Stored records:
--------------------

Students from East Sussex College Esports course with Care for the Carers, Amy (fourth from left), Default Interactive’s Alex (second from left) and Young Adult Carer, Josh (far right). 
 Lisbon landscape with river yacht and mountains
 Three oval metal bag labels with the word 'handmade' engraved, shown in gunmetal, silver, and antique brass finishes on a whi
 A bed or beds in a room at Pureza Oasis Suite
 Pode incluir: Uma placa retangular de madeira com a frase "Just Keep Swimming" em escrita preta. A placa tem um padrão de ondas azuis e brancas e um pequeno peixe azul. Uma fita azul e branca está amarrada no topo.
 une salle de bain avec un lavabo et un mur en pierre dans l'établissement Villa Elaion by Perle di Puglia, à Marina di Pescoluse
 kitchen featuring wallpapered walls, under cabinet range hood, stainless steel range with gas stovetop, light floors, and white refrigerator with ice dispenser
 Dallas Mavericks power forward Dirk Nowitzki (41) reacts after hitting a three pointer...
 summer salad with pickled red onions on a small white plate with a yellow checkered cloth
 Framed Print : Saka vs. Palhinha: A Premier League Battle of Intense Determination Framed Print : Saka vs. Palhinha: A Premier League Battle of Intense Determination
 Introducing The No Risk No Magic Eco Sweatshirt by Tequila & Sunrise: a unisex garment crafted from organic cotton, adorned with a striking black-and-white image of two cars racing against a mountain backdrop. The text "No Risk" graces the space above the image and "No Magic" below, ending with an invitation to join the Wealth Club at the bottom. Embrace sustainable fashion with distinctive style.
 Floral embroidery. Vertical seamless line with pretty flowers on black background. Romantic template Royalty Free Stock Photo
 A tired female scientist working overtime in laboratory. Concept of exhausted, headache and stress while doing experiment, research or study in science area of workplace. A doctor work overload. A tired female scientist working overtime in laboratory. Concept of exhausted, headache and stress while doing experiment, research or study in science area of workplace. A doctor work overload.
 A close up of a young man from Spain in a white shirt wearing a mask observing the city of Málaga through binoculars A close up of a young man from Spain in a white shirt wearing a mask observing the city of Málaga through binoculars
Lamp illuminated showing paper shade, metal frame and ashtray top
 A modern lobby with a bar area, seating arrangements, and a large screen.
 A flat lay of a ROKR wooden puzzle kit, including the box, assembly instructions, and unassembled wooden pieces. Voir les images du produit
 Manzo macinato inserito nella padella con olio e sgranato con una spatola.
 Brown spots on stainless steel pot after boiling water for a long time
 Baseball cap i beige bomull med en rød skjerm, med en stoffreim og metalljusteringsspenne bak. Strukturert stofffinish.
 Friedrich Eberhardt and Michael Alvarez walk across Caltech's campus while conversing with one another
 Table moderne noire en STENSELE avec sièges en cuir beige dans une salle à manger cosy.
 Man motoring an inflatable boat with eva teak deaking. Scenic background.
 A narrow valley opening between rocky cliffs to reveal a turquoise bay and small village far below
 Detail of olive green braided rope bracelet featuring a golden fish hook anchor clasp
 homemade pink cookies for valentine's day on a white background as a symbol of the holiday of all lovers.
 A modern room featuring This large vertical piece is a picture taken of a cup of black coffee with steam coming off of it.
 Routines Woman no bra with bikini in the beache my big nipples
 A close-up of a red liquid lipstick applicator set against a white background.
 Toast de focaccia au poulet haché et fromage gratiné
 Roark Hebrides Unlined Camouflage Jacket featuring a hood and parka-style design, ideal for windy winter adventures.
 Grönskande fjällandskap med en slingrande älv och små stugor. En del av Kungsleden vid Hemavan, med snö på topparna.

--------------------

Directions for this task:
Check the entries above line by line and return each one containing the word "hood".

Answer to the exercise:
 kitchen featuring wallpapered walls, under cabinet range hood, stainless steel range with gas stovetop, light floors, and white refrigerator with ice dispenser
 Roark Hebrides Unlined Camouflage Jacket featuring a hood and parka-style design, ideal for windy winter adventures.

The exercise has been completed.